4. What’s one thing the Celtics must do to defend their home court?
SO: They need to get something, anything, from a non Rondo-Pierce-Garnett player. Bass, Allen, Pietrus, Dooling, and Stiemsma/Hollins have been negligible for the majority of the series (Bass and Stiemsma in Game 5 being the lone, notable exception). I doubt Rondo struggles like he did last game, and Pierce and Garnett have been to this rodeo a few times themselves. They should play well. They need those other guys to join them. Whether it’s Pietrus stretching the floor or Dooling doing an Avery Bradley impersonation, they’ll need a big contribution from a non Big-3 player.
DN: For the Celtics, get inside of the Sixers’ heads. Celtics are old and tired. Only way they win now is if they win the mental battle. The minutes have taken their toll of the Celtics’ big 3. If the younger Sixers are allowed to focus, Celtics are in for a long night. In the end, i think game 7 comes down to more of a mental/will power type thing for both teams.
KB: Boston needs to protect the ball. In games three and five, their comfortable wins, Boston only had seventeen combined turnovers. In games two, four and six, they gave the ball away 17, 16, and 17 times. Notice a pattern? When they let the Sixers out in transition, they eliminate the ability to defend in the halfcourt, probably their biggest strength. It also allows the Sixers to not have to try to score in the halfcourt, probably their biggest weakness.
SH: For the Celtics to win, they have to force the Sixers into taking long twos. The Sixers are at their best offensively in the half-court when they are attacking the rim, leading to layups, free throws, or open three pointers on the drive and kick. They are at their worst offensively in the half-court when they settle for contested mid-range jumpers and long twos, the worst shot in basketball. If the Celtics can force the Sixers into taking these bad shots as well as keep them from running out in transition, they’ll be playing in the ECF next week.

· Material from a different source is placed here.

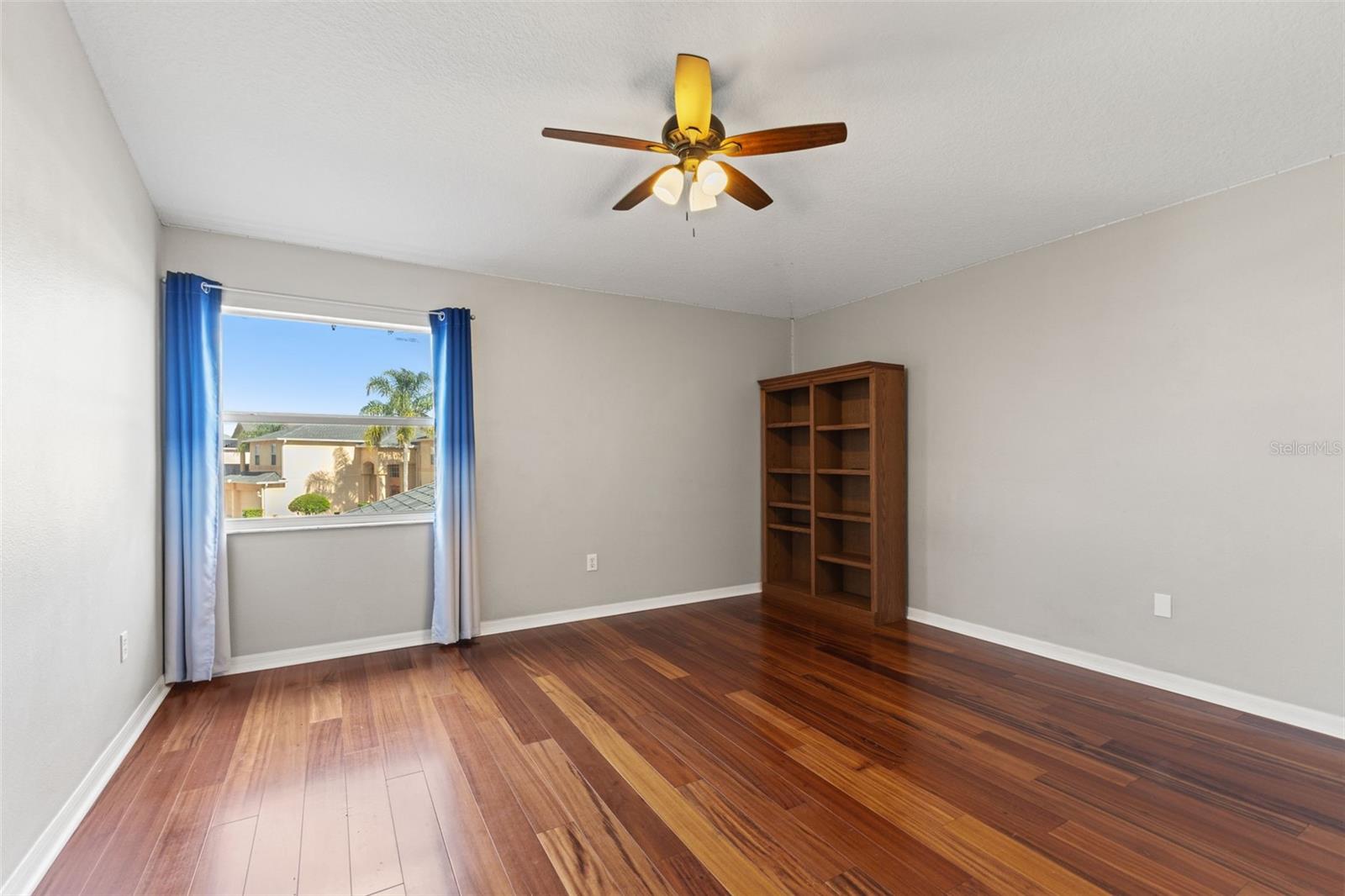 26932 SEA BREEZE WAY, WESLEY CHAPEL, FL, 33544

5. Which team wins Game 7?
SO: My heart screams the Sixers. My gut and mind say the Celtics. And my eyes say Tylenol. I’ll go ahead and pick the Sixers 83-78, because why not be optimistic, and Tylenol too.
DN: This one is tough because I really think Sixers will win but i also feel they will have one of their famous last minute collapses to lose the game. Both teams have not played at their best. There is room to grow. Both teams are injured. But I have to go with the Sixers. I just have to. I said before that Sixers would win this series in 6 games. I’m going to stick by the Sixers winning. So Sixers will win game 7.

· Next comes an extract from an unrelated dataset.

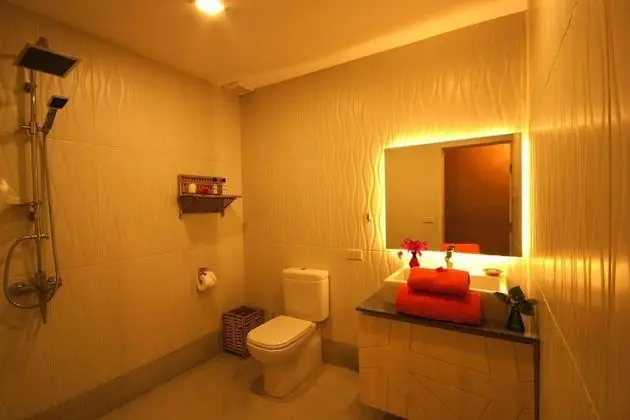 Stüdyo Süit, Balkon, Kısmi Deniz Manzaralı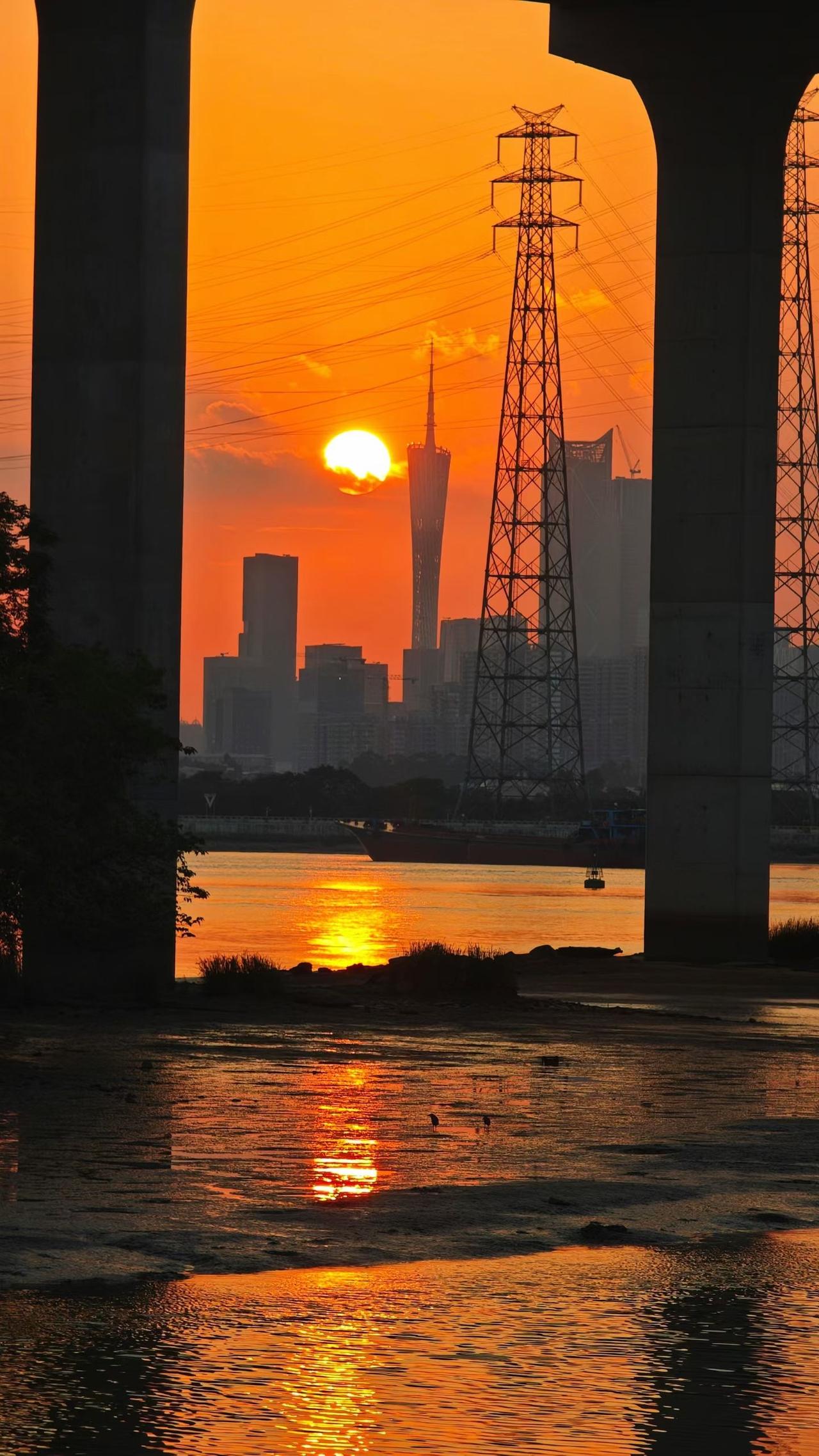 锣鼓擂响千帆竞，碧浪飞舟耀珠江。由广州市人民政府主办的         2026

KB: I’m gonna completely homer this and go Sixers. At home, with a well rested, experienced team, Boston really should win this game seven. Still, the Sixers have fought well this postseason. They’ve caught breaks with injuries, but they have still gone out and taken advantage. A legit chance at the conference finals doesn’t come around every day, so hell, Sixers are going to go to Beantown and win game 7.
SH: I have to take the Celtics. In a Game 7, I just don’t see how the Celtics will lose with their home-court advantage. The teams are fairly evenly-matched, but superstars tend to elevate their play in big games and Kevin Garnett, Paul Pierce, and Rajon Rondo all have the potential to explode and lead their team to victory. I’ll take the Celtics in an 86-79, hard-fought battle at the Garden. Hopefully I’m wrong, enjoy the game and go Sixers!